The first graph looks at levels of education, from no school, to high school, some college, college degree, or post-graduate work. The chart is sorted in descending order from those with most education (College + postgrad combined) to those with least. As you can see, the highest levels of education are non-Christian faiths (Hindu and Jewish), but the 'piskies are pretty high. More conservative Christian denominations such as the Roman Catholics or Evangelicals are much further down the chart, indicating that a larger fraction of those belonging to this group have lower levels of education.
The second chart takes the same groups and asks whether they have a positive or negative view of gay people. Although there is some expected agreement, this chart does not completely correlate with the education chart; for example, Hindus are much less favorable to gay people, although very highly educated. The unaffiliated group is most gay-positive, and the Roman Catholics are right up there with the Episcopalians. Perhaps someone should tell the RC Bishops, who are busy attacking gay marriage around the country, that they've lost the people

Still, a recent study from Florida notes that more educated people are more favorable to gay rights.
The study found education was about five times as important as race in determining whether a county's residents favored the ban. .....
"There's a lot of evidence showing increased education leads to greater tolerance," Smith said.
I don't think any of us are surprised with that. But it is interesting how different the denominations are, don't you think?

14 comments:

Grandmère Mimi said...

Episcopal is not mainline in either graph. I guess we're in the second line.

In the second graph, the majority of Catholics are not as Catholic as the pope.

Padre Mickey said...

It must be tough to be JW; always at the bottom of the graph. I wonder where GAFCON falls.

JCF said...

Things that struck me: how different is the rate of higher education for Hindus HERE (in the US), compared to India!

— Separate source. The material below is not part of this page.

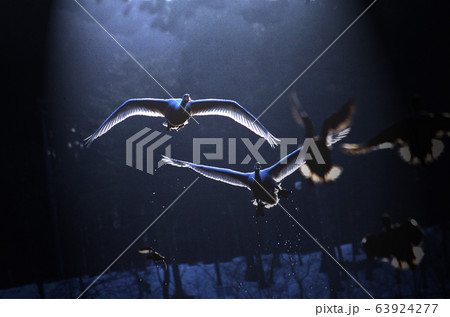 白鳥2羽 飛翔 白鳥2羽 飛翔 63924277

The rate of higher ed for Muslims is very likely influenced by the number of "Black Muslims" (that is, all African-American converts to Islam). Without them, the percentage w/ higher ed would likely be greater.

Of course, Hindus and Buddhists receive converts, also---but, anecdotally, a high percentage of them are Jewish! ;-)

Everything else is basically what I would expect...

Fred Schwartz said...

IT,
Great job but hwne do you do your regular job?

IT said...

Mimi, Episcopal IS Mainline. I had to break it out of Mainline for you, as I explained in the post.

Fred, this kind of thing is easy-peasy--and I am geeky enough to love making charts and graphs.

Grandmère Mimi said...

Sorry, IT. That's what I get for skimming. That's why students make bad grades on tests.

Lapinbizarre said...

Encouraging the sin of Pride is a questionable activity, is it not?

Lapinbizarre said...

Guess your governor should have stayed a Hindu, Mimi.

Grandmère Mimi said...

I still can't get over the fact that he was chosen to be a Rhodes scholar. He's said and done some really dumb things.

IT said...

Mimi,
There is a strong political component to Rhodes scholars. The application process includes tea with the British Consul.

Grandmère Mimi said...

IT, I know, but I thought that they had to be smart and have a smattering of knowledge and be able to think. In Louisiana, we have both Jindal and David Vitter out of the Rhodes Scholarship program, and both are busts as leaders.

IT said...

Mimi,my brother used to look at me disparagingly and remark "school smart, life dumb".

Jindal was a politician, as was Vitter. To an academic, the question is whether any one ever cited their work.

Grandmère Mimi said...

IT, Jindal's article on how he exorcised a demon is much cited, but not by academics. And then you can't read the entire piece unless you pay.

IT said...

Mimi,
I think any academic would agree they long since sold out -- i mean, it's a party that REVELS in ignorance.